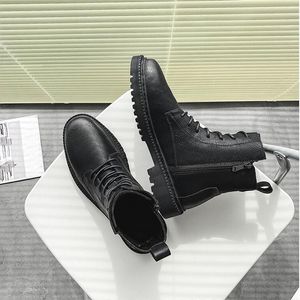 Lerther Botes Men Boots Soft Hiver Side Zipper haut haut haut Cool Black Mens Boot Moto Motorcycle Style Taille 40-45 09 Real le 88 S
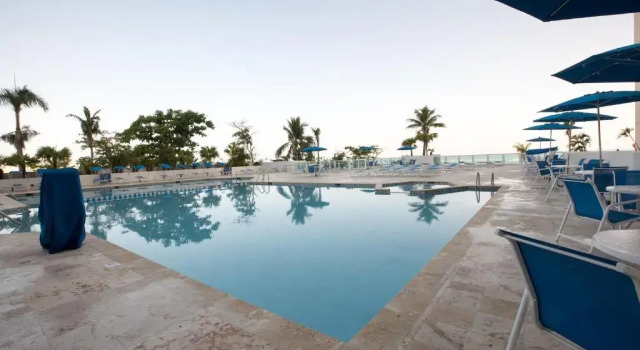 Апартаменты OCEAN VIEW DELUXE SUITE: PVT. BEACH & POOL
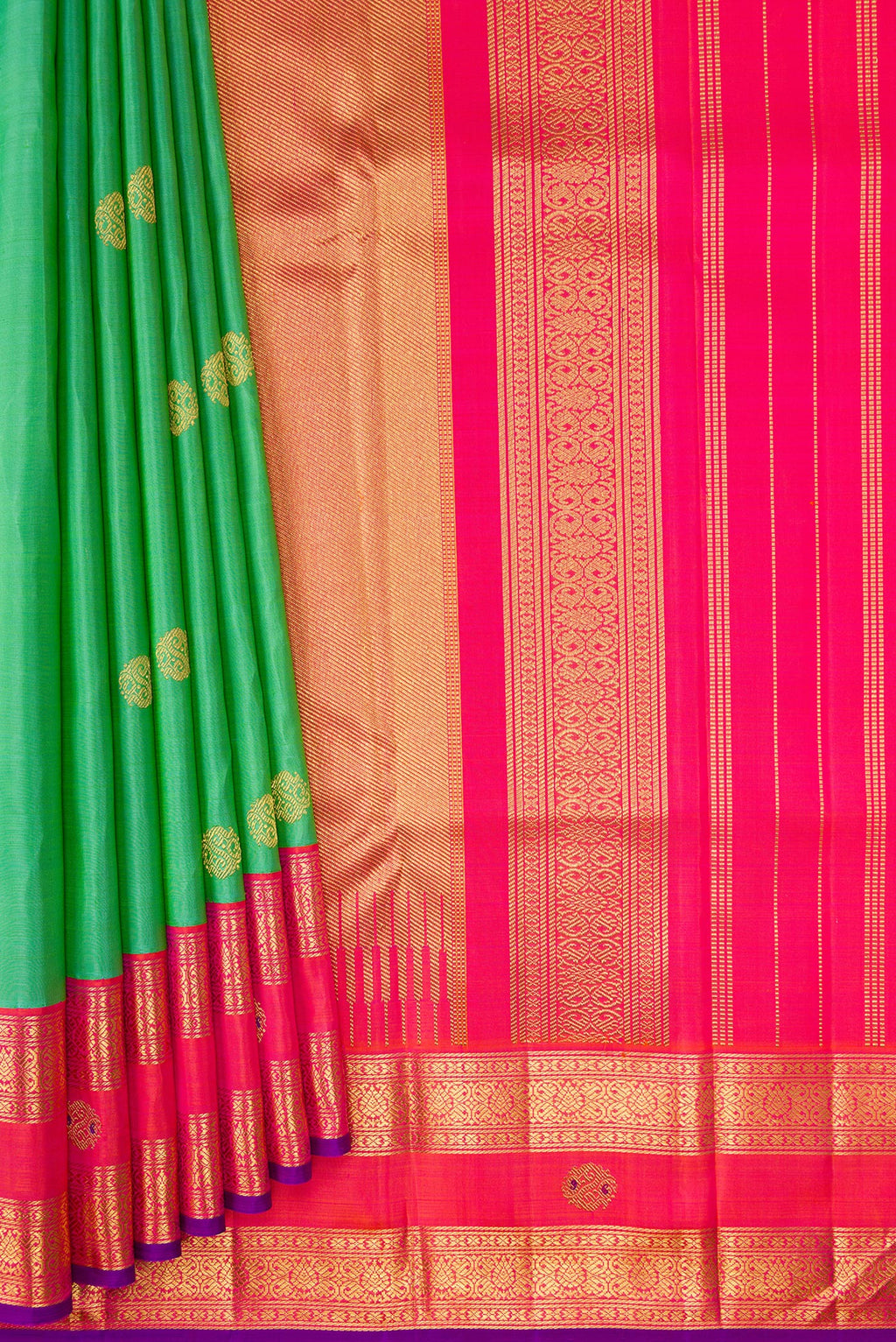 Pleats and pallu of Pure Silk Pure Zari Sea Green Dual Tone Kanjivaram Saree with Zari Butta on the body and Fancy Border. 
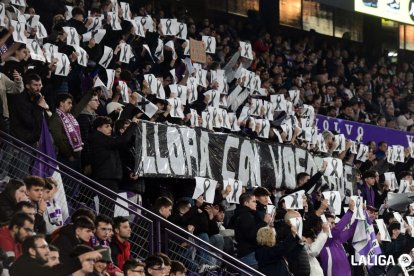 Fondo Norte de Zorrilla con la pancarta: 'Valladolid llora con vosotros'.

- _HOW TO COMPLETE THIS TASK_:
All of the material above is to be retyped exactly, with no pictures included.

- _OUTPUT FOR THIS EXERCISE_:
 Lerther Botes Men Boots Soft Hiver Side Zipper haut haut haut Cool Black Mens Boot Moto Motorcycle Style Taille 40-45 09 Real le 88 S
 Апартаменты OCEAN VIEW DELUXE SUITE: PVT. BEACH & POOL
 Pleats and pallu of Pure Silk Pure Zari Sea Green Dual Tone Kanjivaram Saree with Zari Butta on the body and Fancy Border. 
 Fondo Norte de Zorrilla con la pancarta: 'Valladolid llora con vosotros'.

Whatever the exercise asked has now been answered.